**Aim of the exercise**
Below is a listing; repeat exactly the lines from the one containing "To summarize key" to the one containing "The Huawei Pura", both included.

**Input material**
== Segment start ==
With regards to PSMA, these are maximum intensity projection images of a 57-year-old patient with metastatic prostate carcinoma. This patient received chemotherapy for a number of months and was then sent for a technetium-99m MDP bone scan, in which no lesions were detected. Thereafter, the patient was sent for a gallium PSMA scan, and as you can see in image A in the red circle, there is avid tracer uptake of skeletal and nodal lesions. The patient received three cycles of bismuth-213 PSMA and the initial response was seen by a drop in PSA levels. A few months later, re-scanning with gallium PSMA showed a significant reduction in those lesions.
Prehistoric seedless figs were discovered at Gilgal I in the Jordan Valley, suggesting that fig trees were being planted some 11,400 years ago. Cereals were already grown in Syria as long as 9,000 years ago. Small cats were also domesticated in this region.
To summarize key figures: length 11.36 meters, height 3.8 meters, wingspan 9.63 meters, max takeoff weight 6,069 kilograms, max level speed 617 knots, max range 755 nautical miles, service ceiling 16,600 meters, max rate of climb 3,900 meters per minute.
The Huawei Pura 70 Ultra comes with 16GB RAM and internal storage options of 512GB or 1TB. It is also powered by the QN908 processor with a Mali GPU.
== Segment end ==
== Segment start ==
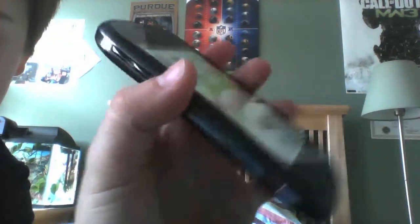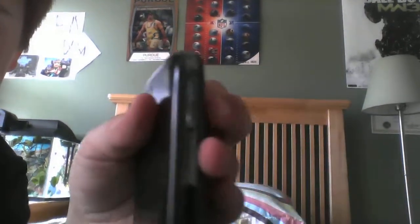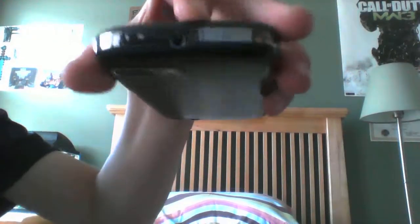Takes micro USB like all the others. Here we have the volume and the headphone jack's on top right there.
== Segment end ==
**Solution to this exercise**
To summarize key figures: length 11.36 meters, height 3.8 meters, wingspan 9.63 meters, max takeoff weight 6,069 kilograms, max level speed 617 knots, max range 755 nautical miles, service ceiling 16,600 meters, max rate of climb 3,900 meters per minute.
The Huawei Pura 70 Ultra comes with 16GB RAM and internal storage options of 512GB or 1TB. It is also powered by the QN908 processor with a Mali GPU.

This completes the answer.